The devaluation of the naira was evident in the NAFEM, where it closed at N1,461.90 per US dollar on Thursday, down from N1,455.59 the previous day. This trend was mirrored in the parallel market, where the naira improved slightly against the dollar, trading at N1,400 compared to N1,530 on the preceding day. The NCS levies customs duties on a variety of imported goods, with rates ranging from 5 percent to 35 percent. These duties are calculated based on the harmonized commodity and coding system (HS code), which categorizes items for international trade.
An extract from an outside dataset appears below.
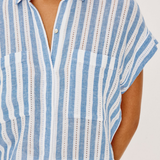 Blue and white striped shirt worn by a person on a plain background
Jonathan Nicole, president of the Shippers Association of Lagos (SAL), voiced significant concerns regarding the implications of the new exchange rate on the cost of cargo clearance. He predicted that this adjustment would contribute to inflationary pressures, compounding the economic challenges within Nigeria’s maritime sector. Nicole highlighted the direct impact on businesses, particularly noting that the increase in duties would escalate the costs of manufacturing, subsequently raising the prices of goods and services. He also forecasted a sharp rise in transportation costs, which are crucial for the distribution of goods across the country.
“The new exchange rate will inevitably lead to an increase in inflation and will severely impact business operations, derailing projections made before imports,” Nicole stated. He further emphasized that the repercussions of these economic policies might lead to higher unemployment rates as companies struggle with funding shortages, potentially leading to shutdowns.
Nicole criticized the current economic management, arguing that the success of a nation hinges on the equitable management of its resources. He remarked, “When citizens are impoverished, the nation becomes unstable, and unfortunately, this is what we are witnessing currently.” He called on the government to ensure a fair distribution of the nation’s wealth and to consider the long-term impacts of such economic policies on the common citizen. Nicole also urged shippers and businesses to brace themselves for more stringent policies in the future, suggesting that further adjustments to the exchange rate might be forthcoming.
This rate adjustment by the NCS is seen as a critical move to align domestic policies with the realities of the global economy and the current state of the naira. However, it also underscores the broader economic challenges facing Nigeria, including the need for comprehensive policy measures to stabilize the economy and protect the interests of both businesses and consumers.